Hipokrat yemini sırasında okulu kıran doktor tavsiyesi alırsan böyle olur. "Ben senin sınırını biliyorum, üç fırt otlanma hakkın var". "Çok et yersen kolon kanseri olursun, bir çöp şiş daha söyleyelim mi?". "Bari 50'lik alsaydık, ikişer duble çıkıyor bundan". "Uyku hapı alacağına içki içsene"... Aah bu çarpıntı beni öldürecek. 
Hem Nişantaşı'nda, hem de alışveriş merkezinde festival filmine mi gidilirmiş kuzum! Sinema salonu olması bile saçma. Emek'i Alkazar'ı kapatsınlar, biz de alışveriş merkezlerinde film izleyelim. Oh ne âlâ memleket! (Âlâ demişken allahım o ne güzel rakıdır öyle...)

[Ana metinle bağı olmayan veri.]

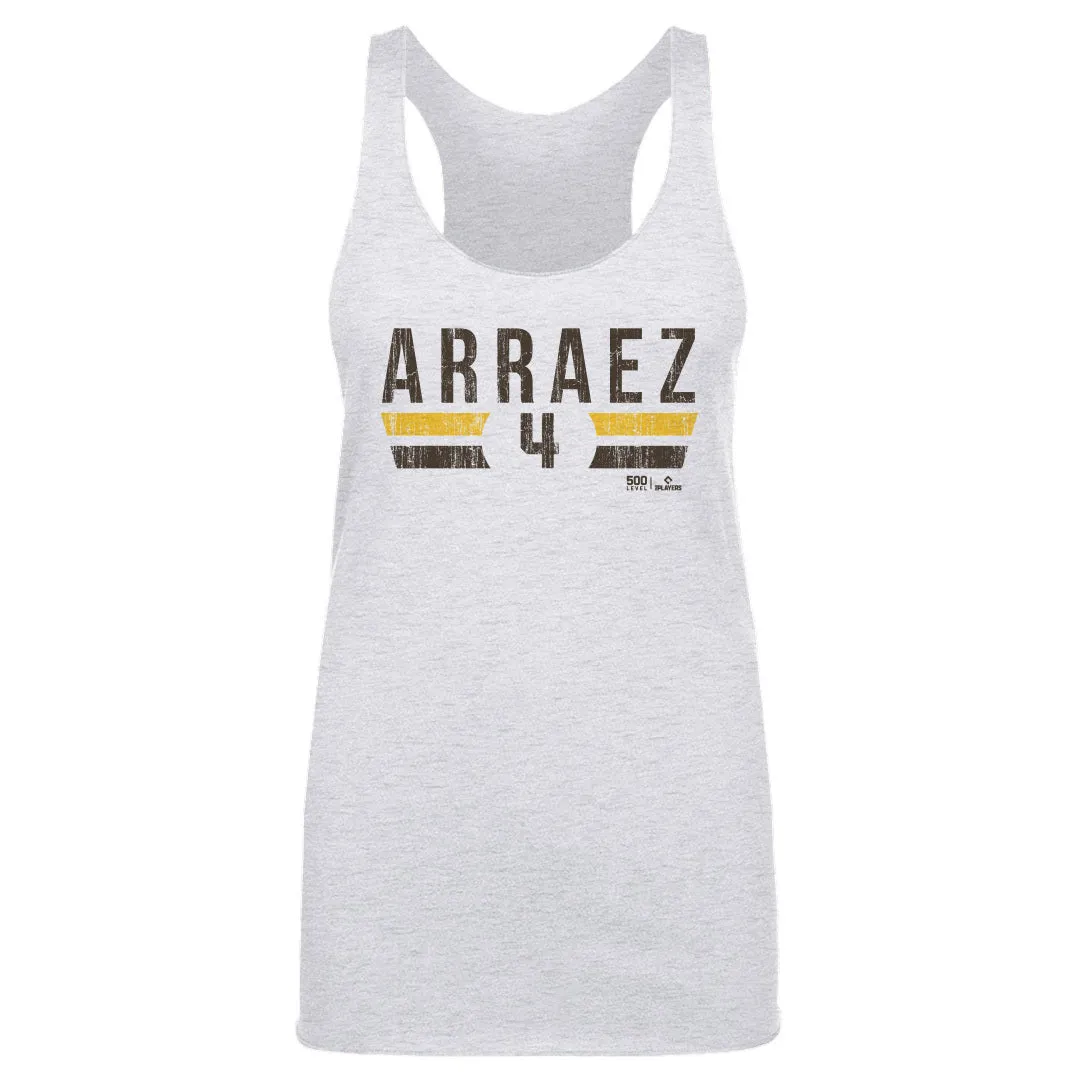 Luis Arraez San Diego Font sold by 500 Level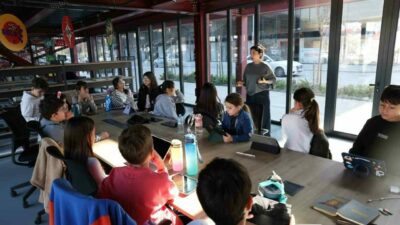 Nilüfer Belediyesi’nin ara tatil etkinlikleri kapsamında Pancar Deposu’nda düzenlediği “Karakterde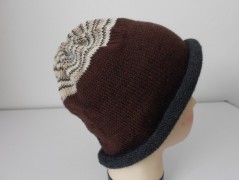 Univerzální čepice merino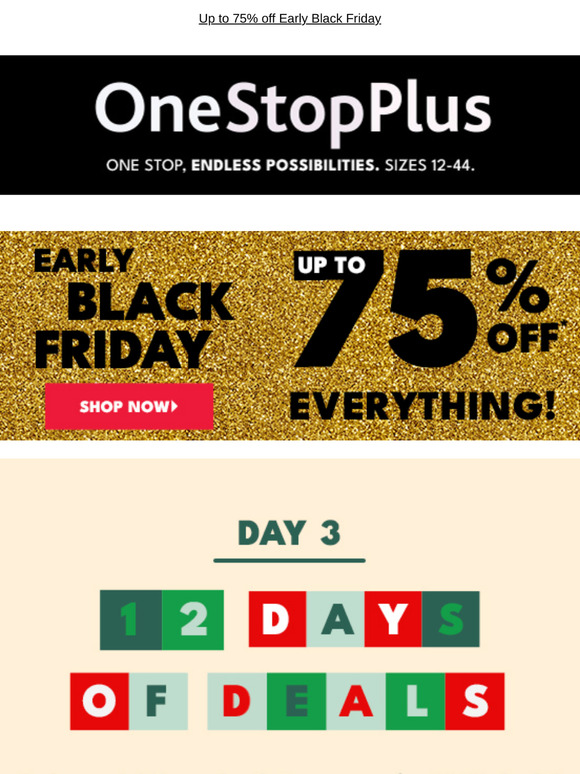 Beat the holiday crowds!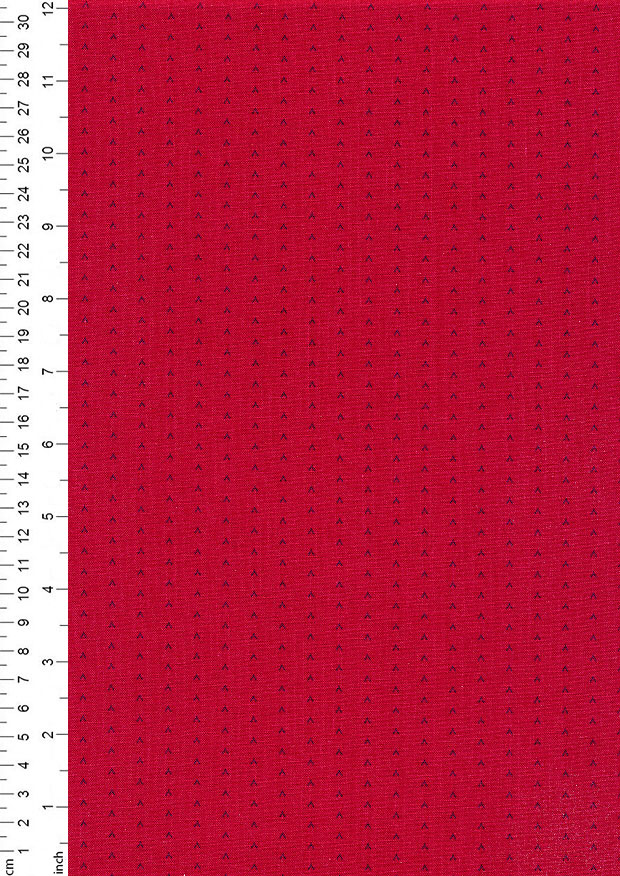 Andover Fabrics Kathy Hall - Bijoux Vee Cherry 2/8706R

Ama hayır, o kadar güzel bir film izledik ki söylenmeyeceğim: Victor Victoria1934 Paris'inde geçen bir müzikal komedi. O kadar 60'lar havası var ki 1982 yapımı olduğuna inanmak çok zor. Blake Edwards'ın yönettiği filmde Julie Andrews, James Garner ve şarap familyasından Robert Preston baş rollerde. Blake Edwards aynı zamanda Breakfast at Tiffany's'in de yönetmeni ve Julie Andrews'un eşi. Andrews filmde kadın taklidi yapan bir erkeğin taklidini yapan bir kadını, Preston ise gay bir adamı canlandırıyor. Türüne göre verdiği mesaj epey ciddi sayılır. Aslında bir mesajı olması bile olağan dışı. Bunu yazarken hala dönüp dönüp imdb'ye bakıyorum, gerçekten '82 yapımı mı diye. Benim gibi Fred Astaire-Ginger Rogers aleminde yaşayan insanlar için bulunmaz nimet.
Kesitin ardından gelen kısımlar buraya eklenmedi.